Quiz 4 - Chain rule and implicit differentiation

Problem 1

Question

Find the derivative \(\frac{dy}{dx}\) for:

a) \(y = \sqrt{x^2 + \sec^2(x)}\)

b) \(y = \log_5(\csc(x))\)

c) \(y = \tan^2(\sin(3x))\)

Solution

a) \[ \begin{align} y &= \sqrt{x^2 + \sec^2(x)} = \left(x^2 + \sec^2(x)\right)^{1/2} \\ \frac{dy}{dx} &= \frac{1}{2}\left(x^2 + \sec^2(x)\right)^{-1/2} \times \frac{d}{dx}\left(x^2 + \sec^2(x)\right) \\ &= \frac{1}{2}\left(x^2 + \sec^2(x)\right)^{-1/2} \times \left(2x + 2\sec(x)\times \frac{d}{dx} \sec(x)\right) \\ &= \frac{1}{2}\left(x^2 + \sec^2(x)\right)^{-1/2} \times \left(2x + 2\sec^2(x)\tan(x)\right) \\ \Aboxed{\frac{dy}{dx}&= \frac{x + \sec^2(x)\tan(x)}{\sqrt{x^2 + \sec^2(x)}}} \end{align} \]

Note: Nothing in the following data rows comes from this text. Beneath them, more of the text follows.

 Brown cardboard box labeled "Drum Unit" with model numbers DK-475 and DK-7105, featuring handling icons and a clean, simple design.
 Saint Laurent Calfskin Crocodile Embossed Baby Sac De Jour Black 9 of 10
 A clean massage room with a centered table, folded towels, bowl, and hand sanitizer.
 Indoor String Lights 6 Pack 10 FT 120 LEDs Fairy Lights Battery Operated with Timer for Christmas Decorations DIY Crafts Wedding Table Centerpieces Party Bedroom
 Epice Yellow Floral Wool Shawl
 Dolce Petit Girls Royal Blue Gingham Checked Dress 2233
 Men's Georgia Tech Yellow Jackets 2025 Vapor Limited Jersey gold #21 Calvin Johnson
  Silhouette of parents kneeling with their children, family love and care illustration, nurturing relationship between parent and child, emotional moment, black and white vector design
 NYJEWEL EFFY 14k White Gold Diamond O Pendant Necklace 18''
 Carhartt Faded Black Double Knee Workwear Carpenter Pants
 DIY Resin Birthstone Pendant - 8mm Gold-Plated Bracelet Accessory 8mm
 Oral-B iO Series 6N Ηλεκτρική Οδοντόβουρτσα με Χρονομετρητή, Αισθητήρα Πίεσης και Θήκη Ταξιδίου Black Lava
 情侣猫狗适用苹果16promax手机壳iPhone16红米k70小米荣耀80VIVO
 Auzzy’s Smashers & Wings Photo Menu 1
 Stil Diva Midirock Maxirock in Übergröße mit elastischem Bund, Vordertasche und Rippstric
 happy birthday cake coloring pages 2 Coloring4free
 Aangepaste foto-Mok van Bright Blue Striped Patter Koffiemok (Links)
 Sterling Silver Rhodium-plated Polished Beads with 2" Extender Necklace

b) \[ \begin{align} y &= \log_5(\csc(x)) \\ \frac{dy}{dx} &= \frac{1}{\csc(x)\ln(5)} \times \frac{d}{dx} \csc(x) \\ &= \frac{1}{\csc(x)\ln(5)} \times -\cot(x)\csc(x) \\ \Aboxed{\frac{dy}{dx} &= -\frac{\cot(x)}{\ln(5)}} \end{align} \]

c) \[ \begin{align} y &= \tan^2(\sin(3x)) \\ \frac{dy}{dx} &= 2\tan(\sin(3x)) \times \frac{d}{dx} \tan(\sin(3x)) \\ &= 2\tan(\sin(3x)) \times \sec^2(\sin(3x)) \times \frac{d}{dx} \sin(3x) \\ &= 2\tan(\sin(3x)) \times \sec^2(\sin(3x)) \times \cos(3x) \times \frac{d}{dx} 3x \\ &= 2\tan(\sin(3x)) \times \sec^2(\sin(3x)) \times \cos(3x) \times 3 \\ \Aboxed{\frac{dy}{dx} &= 6\tan(\sin(3x))\sec^2(\sin(3x))\cos(3x)} \end{align} \]